Your goal. The lines from the one with "Unisex Trendy Metal" through the last line of the material below, copied exactly and free of pictures, make up the whole answer.

Dataset records START

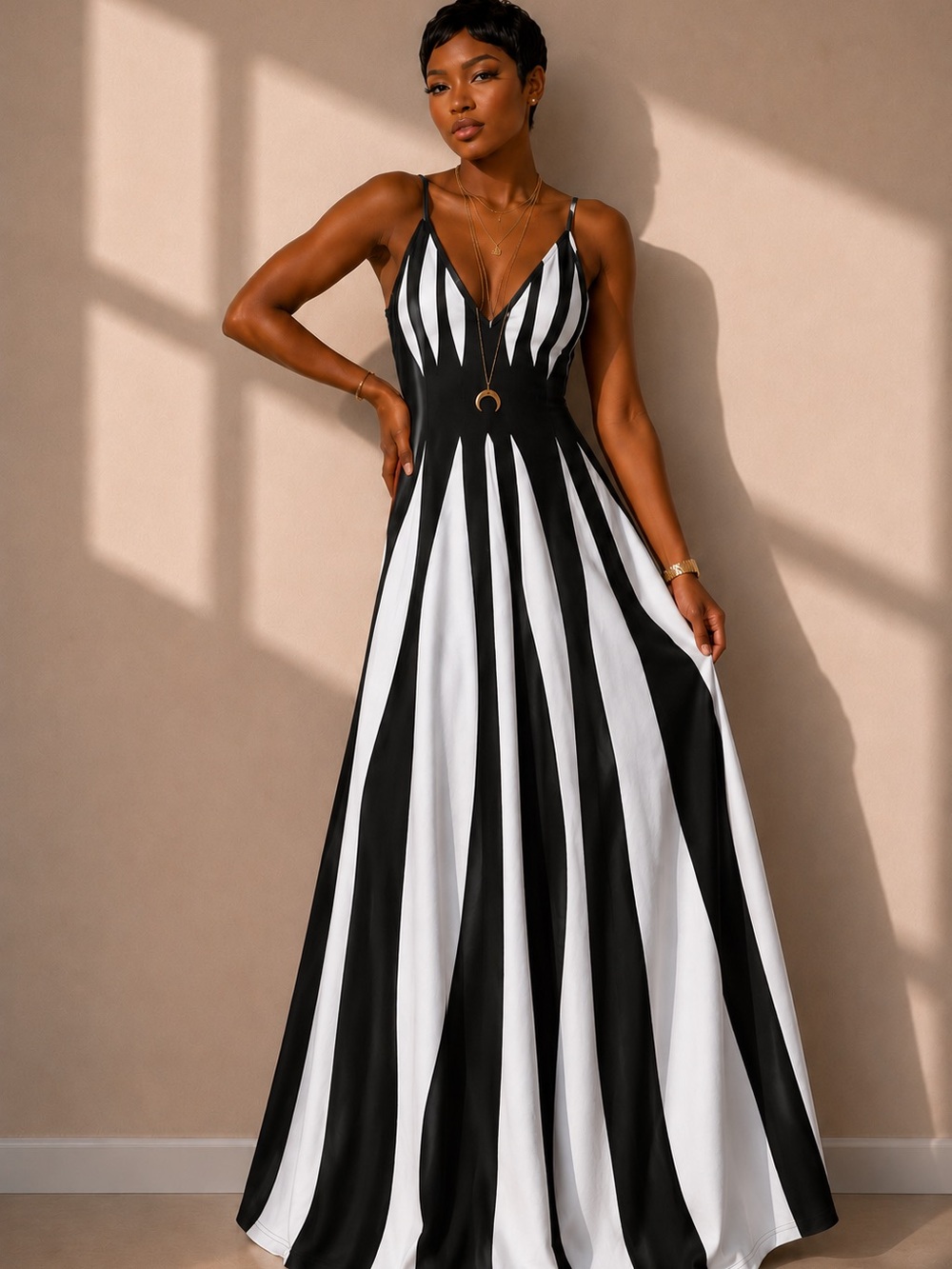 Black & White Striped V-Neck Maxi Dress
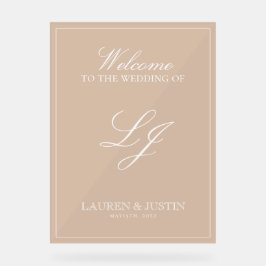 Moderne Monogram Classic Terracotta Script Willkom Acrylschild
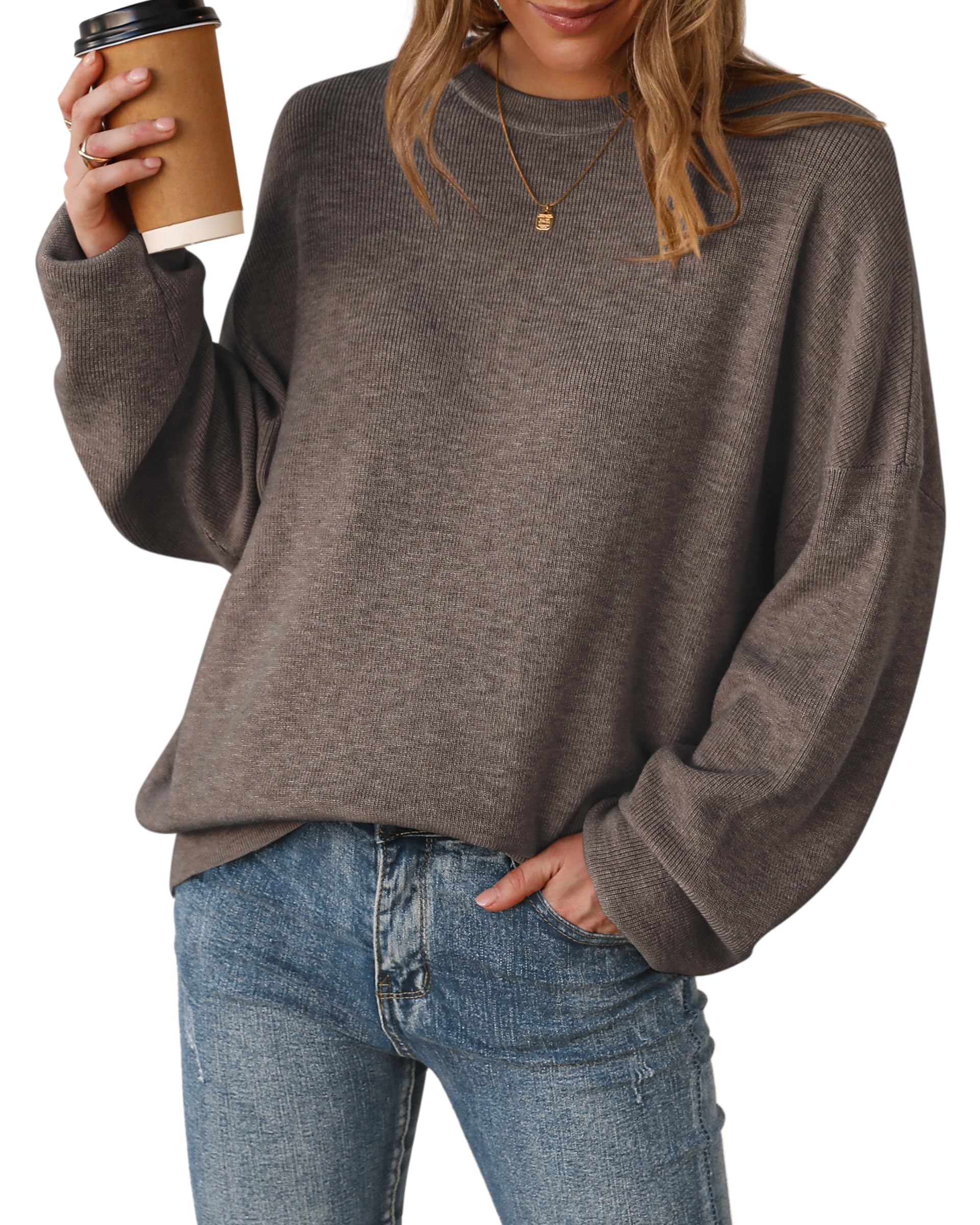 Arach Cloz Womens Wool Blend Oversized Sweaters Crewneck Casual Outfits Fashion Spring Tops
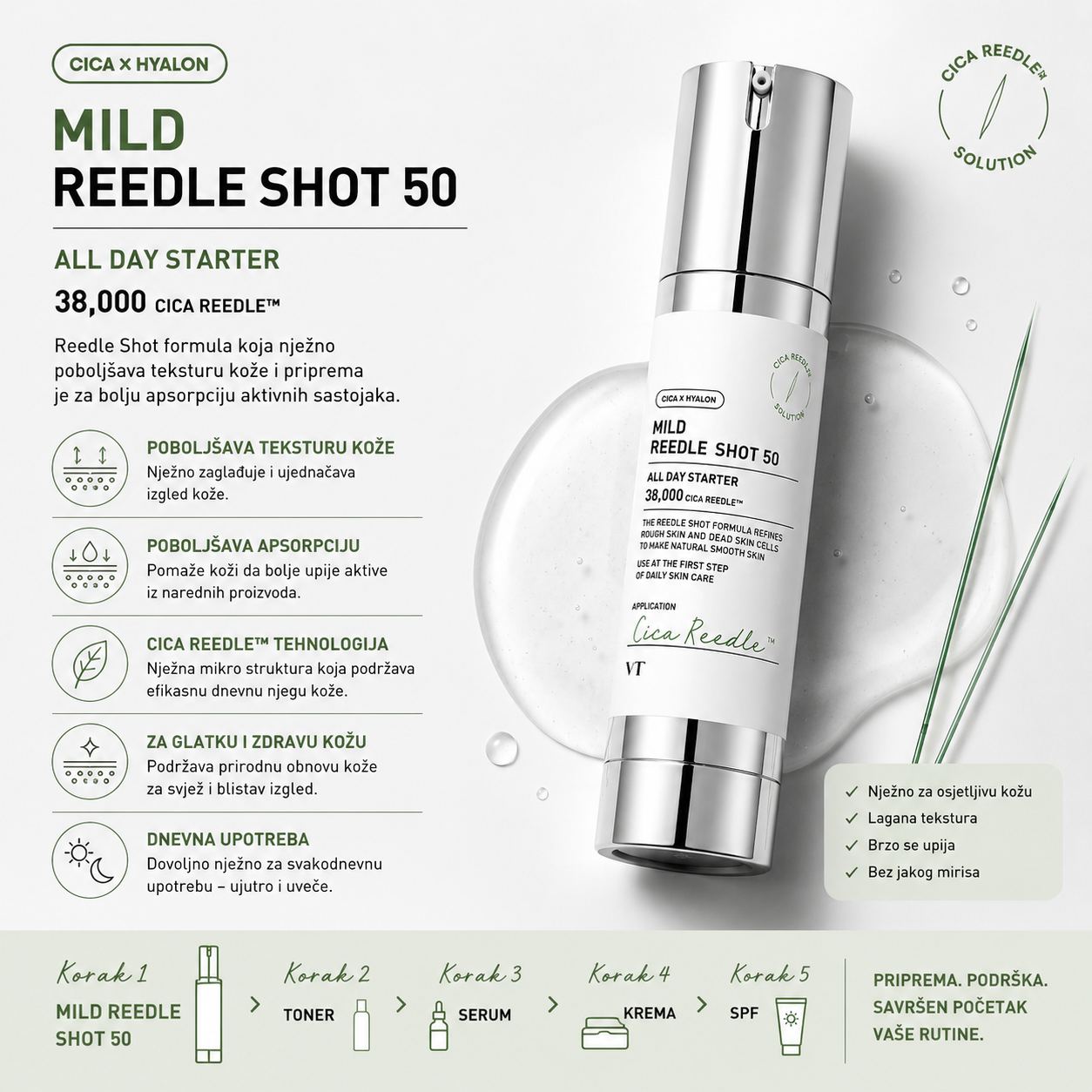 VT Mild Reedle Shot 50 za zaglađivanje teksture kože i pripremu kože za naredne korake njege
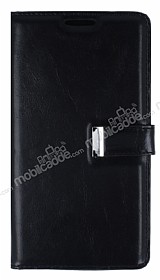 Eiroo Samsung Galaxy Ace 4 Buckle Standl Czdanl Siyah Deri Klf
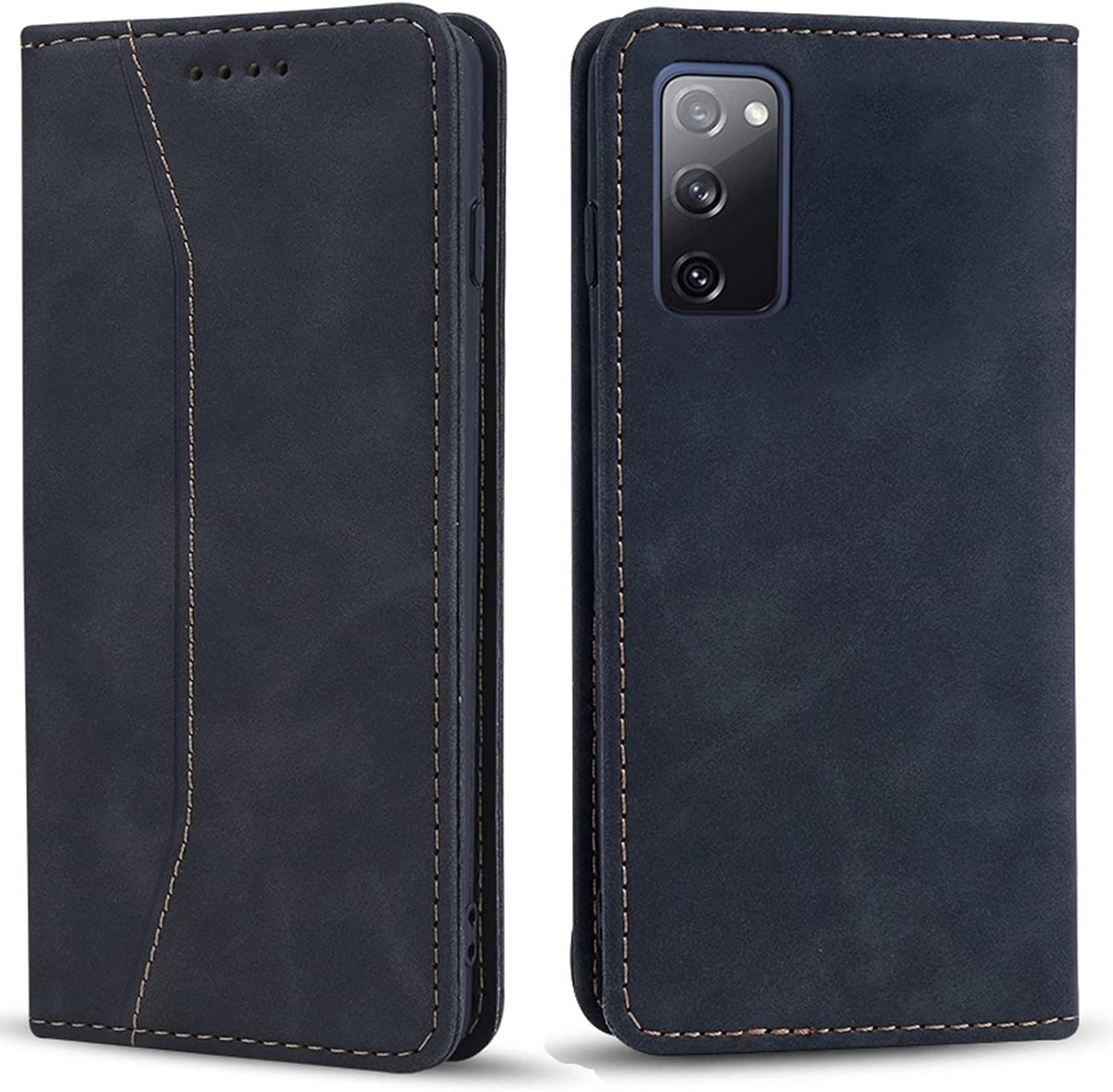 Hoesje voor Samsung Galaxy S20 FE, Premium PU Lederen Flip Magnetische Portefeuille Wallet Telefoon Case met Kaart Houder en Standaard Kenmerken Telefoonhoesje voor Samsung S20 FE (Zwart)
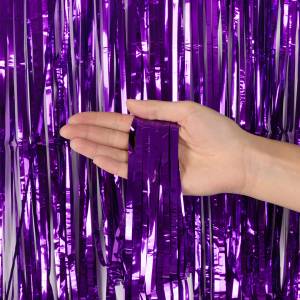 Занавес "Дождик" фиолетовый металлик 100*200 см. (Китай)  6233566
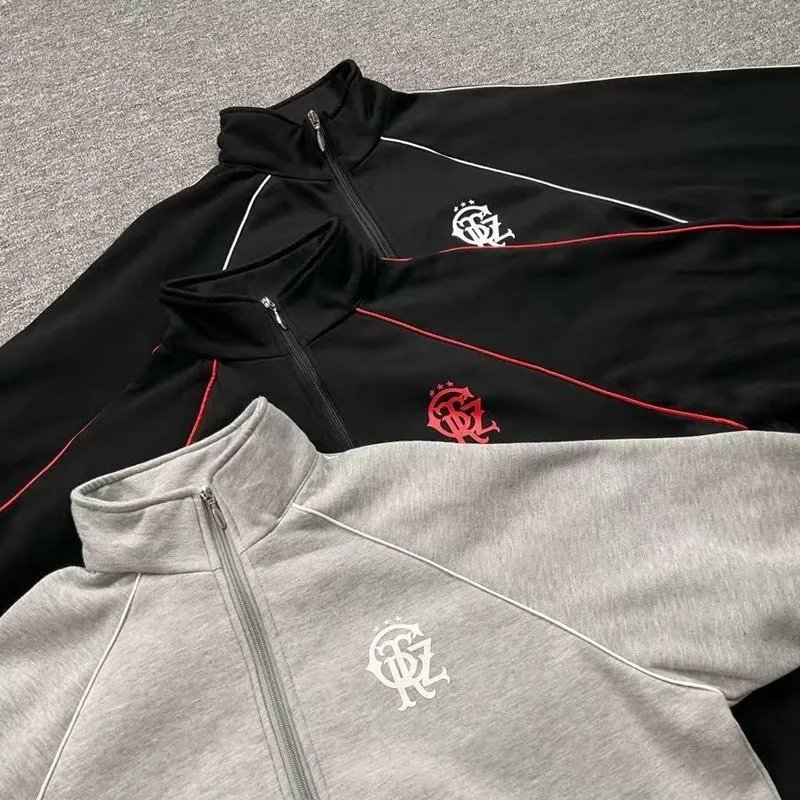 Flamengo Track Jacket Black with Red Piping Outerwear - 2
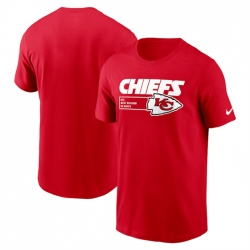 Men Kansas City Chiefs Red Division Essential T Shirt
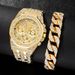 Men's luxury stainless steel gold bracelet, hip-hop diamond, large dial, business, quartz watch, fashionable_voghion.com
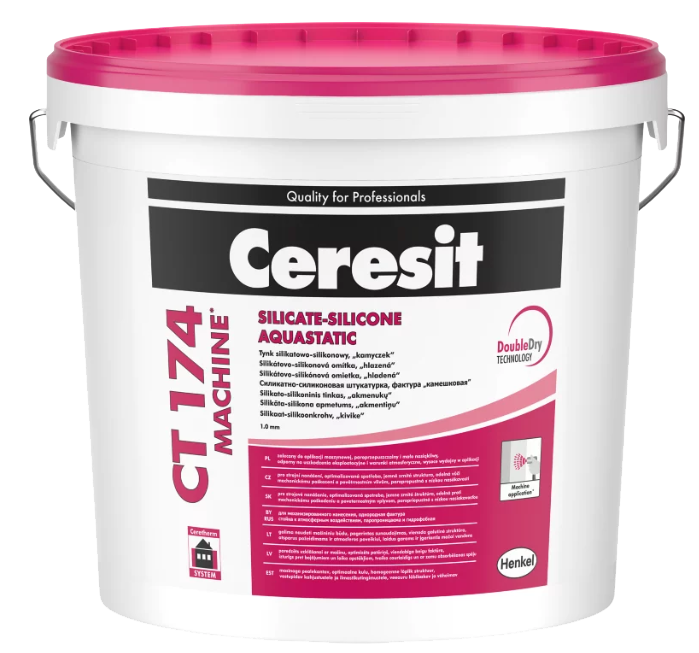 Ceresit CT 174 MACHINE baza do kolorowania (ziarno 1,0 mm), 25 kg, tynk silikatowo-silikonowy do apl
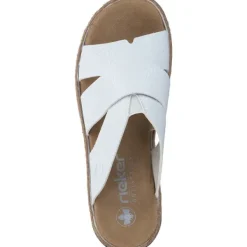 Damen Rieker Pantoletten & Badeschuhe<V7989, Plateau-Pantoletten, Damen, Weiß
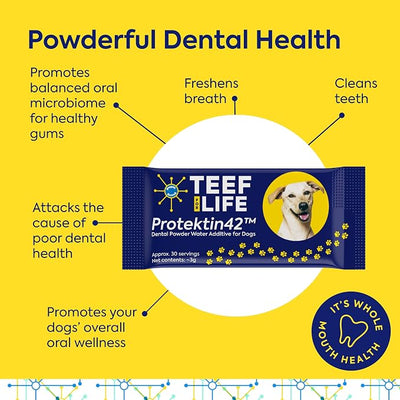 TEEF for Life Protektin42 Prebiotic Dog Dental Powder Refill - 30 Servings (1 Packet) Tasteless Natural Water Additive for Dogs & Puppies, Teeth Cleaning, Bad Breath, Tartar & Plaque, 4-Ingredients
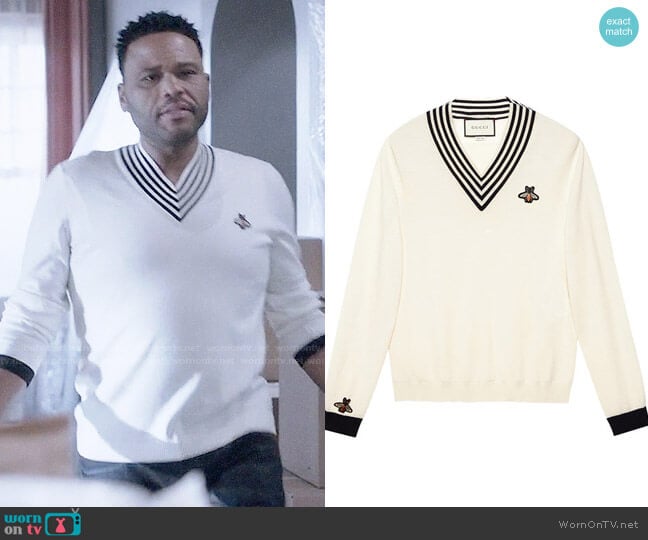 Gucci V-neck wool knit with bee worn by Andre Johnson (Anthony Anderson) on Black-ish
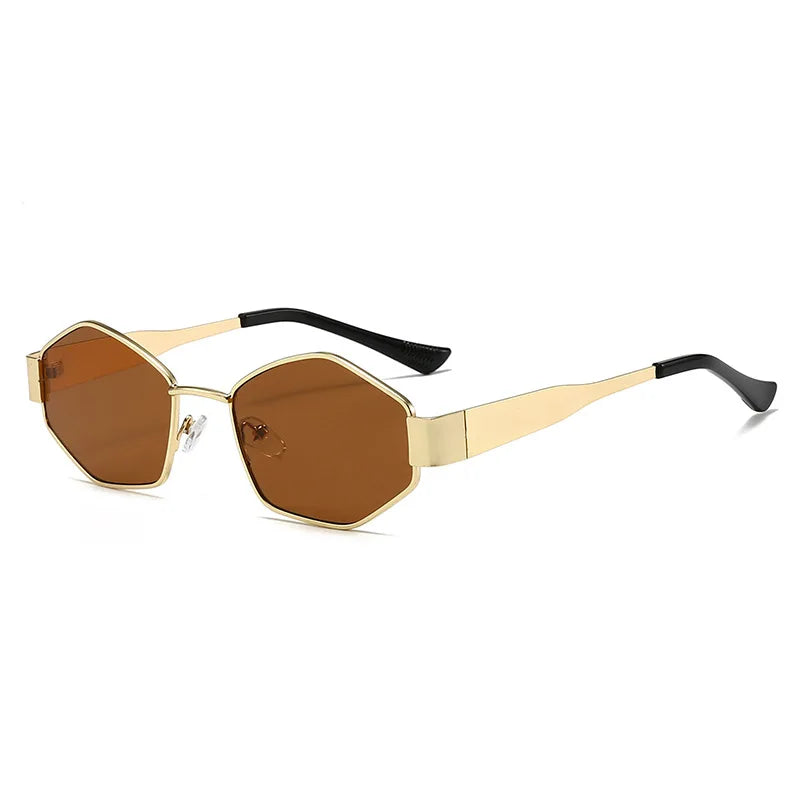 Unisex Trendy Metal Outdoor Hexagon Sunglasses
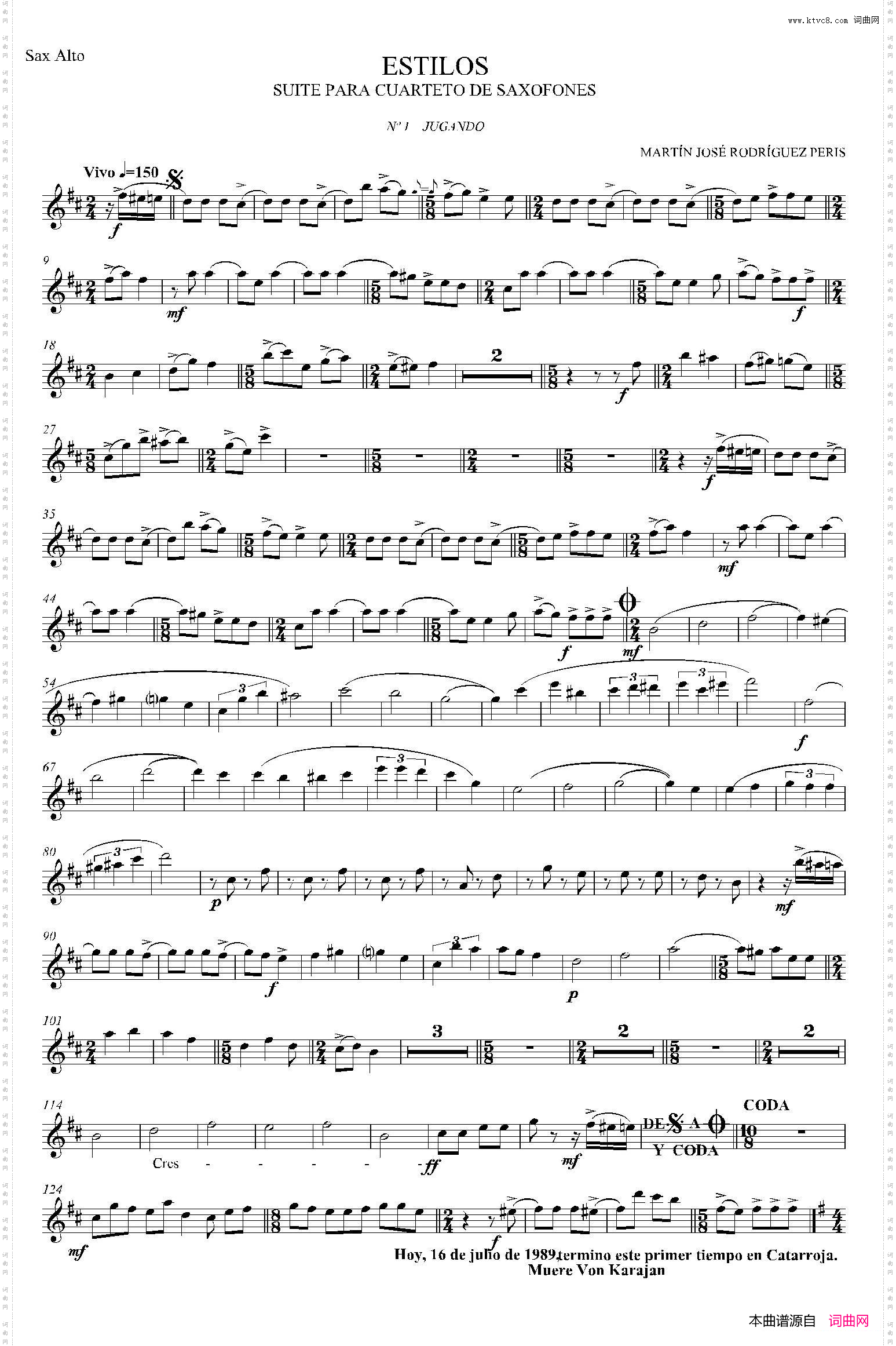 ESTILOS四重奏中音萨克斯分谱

Dataset records END

Written answer.
 Unisex Trendy Metal Outdoor Hexagon Sunglasses
 ESTILOS四重奏中音萨克斯分谱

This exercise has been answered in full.